L'argument principal compare l'œil, considéré comme le plus noble instrument de perception, à l'oreille. L'œil, véritable médiateur entre le monde des objets et la réceptivité humaine, permet aux images d'apparaître immédiatement et simultanément. C'est la seule façon d'atteindre une harmonie fondée sur les proportions. L'oreille, ou plutôt le sens de l'ouïe, dont dépend la poésie, évoque les formes des objets avec moins de clarté et de retard que l'œil.
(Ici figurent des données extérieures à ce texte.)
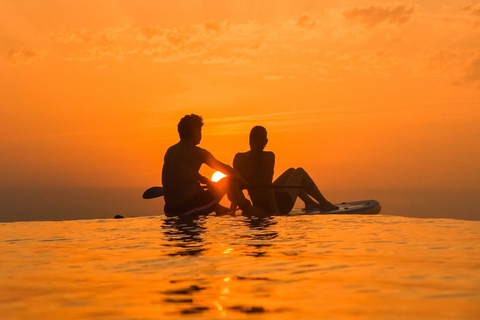 See the Sunrise in Copacabana from a Stand Up Paddleboard with Photos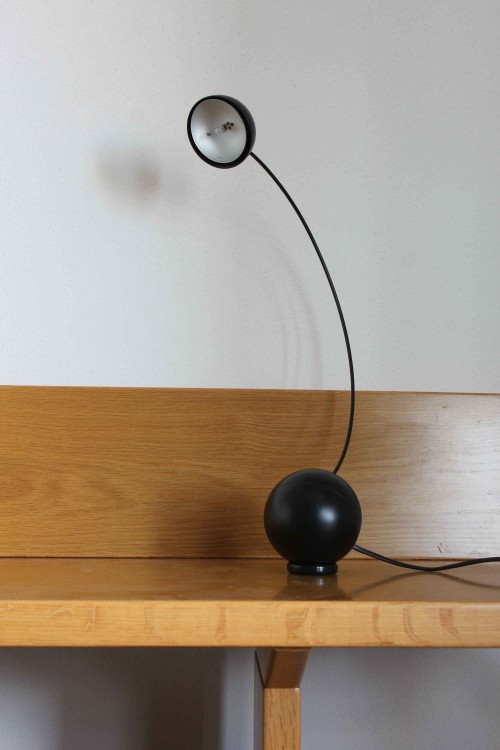 Gobbo black table lamp designed by...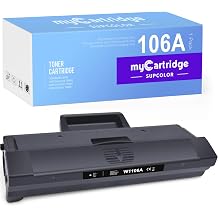 MyCartridge SUPPCOLOR 106A HP Lazer MFP 135wg 137fwg 107w 106A W1106A Toner Lazer MFP 107a 107r 135r 135w 137fnw i in uyumlu 1 siyah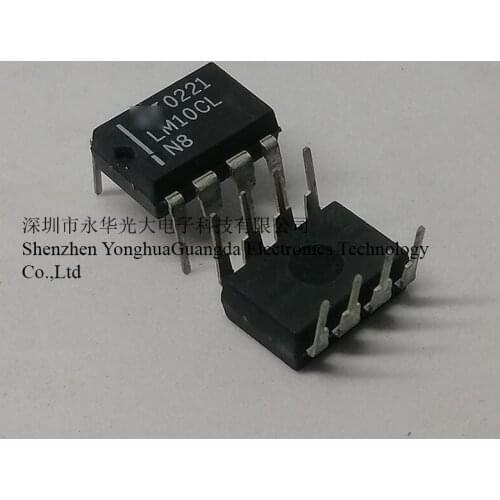 LM10CLN8 DIP-8 new and original integrated circuit LM10CL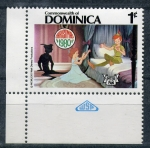 Sellos de America - Dominica -  Peter Pan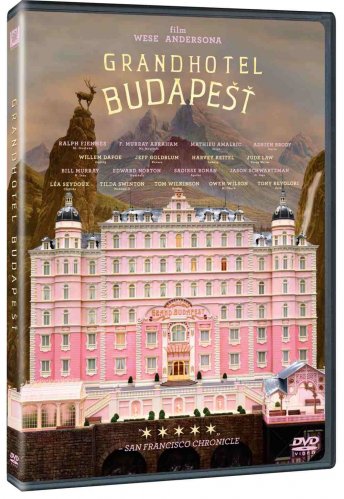 Grandhotel Budapešť - DVD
Le mot « tard » utilisé par Léonard signifie évidemment « pas en même temps ».
6. Come la pittura abbraccia le superficie, figure e colori de'corpi naturali, e la filosofia sol s'estende nelle lor virtú naturali.
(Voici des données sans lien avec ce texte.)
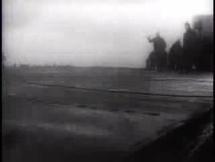 Flag-Raising at Iwo Jima - Newsreel Footage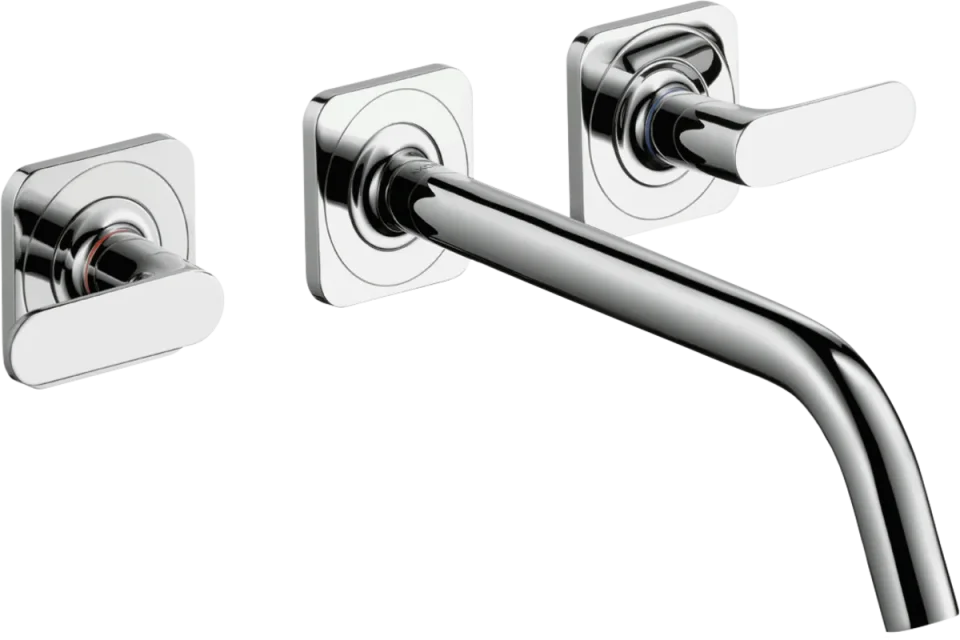 Axor Citterio M Manual Mixers 259 X 236 X 85mm Chrome detail view - Image 3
La pittura si estende nelle superficie, colori e figure di qualunque cosa creata dalla natura, e la filosofia penetra dentro ai medesimi corpi, considerando in quelli le lor proprie virtú, ma non rimane satisfatta con quella verità che fa il pittore, che abbraccia in sé la prima verità di tali corpi, perché l'occhio meno s'inganna.
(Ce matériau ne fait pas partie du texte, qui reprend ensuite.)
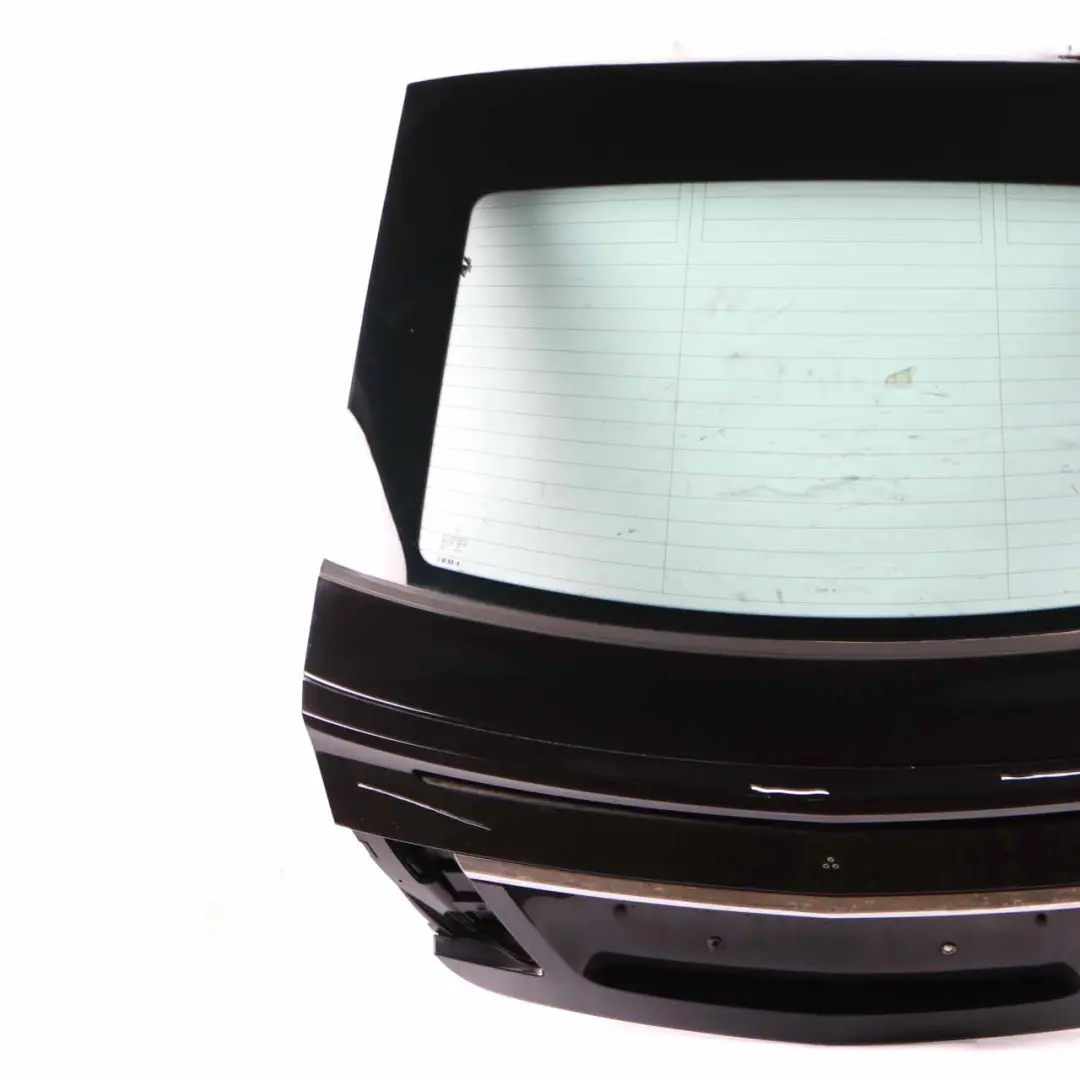 Mercedes CLC CL203 Boot Trunk Lid Tailgate Obsidian Black Metallic - 197 - SKU A2037400705-OB - Part number A2037400705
6. De même que la peinture embrasse les surfaces, les formes et les couleurs des corps naturels, la philosophie ne s’étend qu’à leurs vertus naturelles.
La peinture s'étend aux surfaces, aux couleurs et aux figures de tout ce qui est créé par la nature, et la philosophie pénètre dans les mêmes corps, en considérant leurs vertus propres, mais elle ne se contente pas de cette vérité que fait le peintre, qui embrasse en lui-même la vérité première de ces corps, parce que l'œil est moins trompé.
10. Del poeta e del pittore.
La pittura serve a piú degno senso che la poesia, e fa con piú verità le figure delle opere di natura che il poeta, e sono molto piú degne le opere di natura che le parole, che sono opere dell'uomo; perché tal proporzione è dalle opere degli uomini a quelle della natura, qual è quella ch'è dall'uomo a Dio. Adunque è piú degna cosa l'imitar le cose di natura, che sono le vere similitudini in fatto, che con parole imitare i fatti e le parole degli uomini.
E se tu, poeta, vuoi descrivere le opere di natura colla tua semplice professione, fingendo siti diversi e forme di varie cose, tu sei superato dal pittore con infinita proporzione di potenza; ma se vuoi vestirti delle altrui scienze separate da essa poesia, elle non sono tue, come astrologia, rettorica, teologia, filosofia, geometria, aritmetica e simili; tu non sei allora poeta, tu ti trasmuti, e non sei piú quello di che qui si parla.
10- Du poète et du peintre.
La peinture a une fonction plus noble que la poésie et dépeint les œuvres de la nature avec plus de vérité que le poète. Or, les œuvres de la nature valent bien plus que les mots, qui sont les œuvres de l'homme ; car il existe entre les œuvres de l'homme et celles de la nature la même proportion qu'entre l'homme et Dieu. Il est donc plus noble d'imiter les choses de la nature, qui sont de véritables ressemblances, que d'imiter par des mots les actes et les paroles des hommes.
Et si toi, poète, tu veux décrire les œuvres de la nature par ta simple profession, en simulant différents lieux et formes de choses diverses, tu es surpassé par le peintre d'une infinie puissance ; mais si tu veux te revêtir des sciences d'autrui, séparées de cette poésie, elles ne sont pas les tiennes, comme l'astrologie, la rhétorique, la théologie, la philosophie, la géométrie, l'arithmétique, etc. Vous n’êtes plus poète, vous êtes transformé, et vous n’êtes plus ce dont nous parlons ici.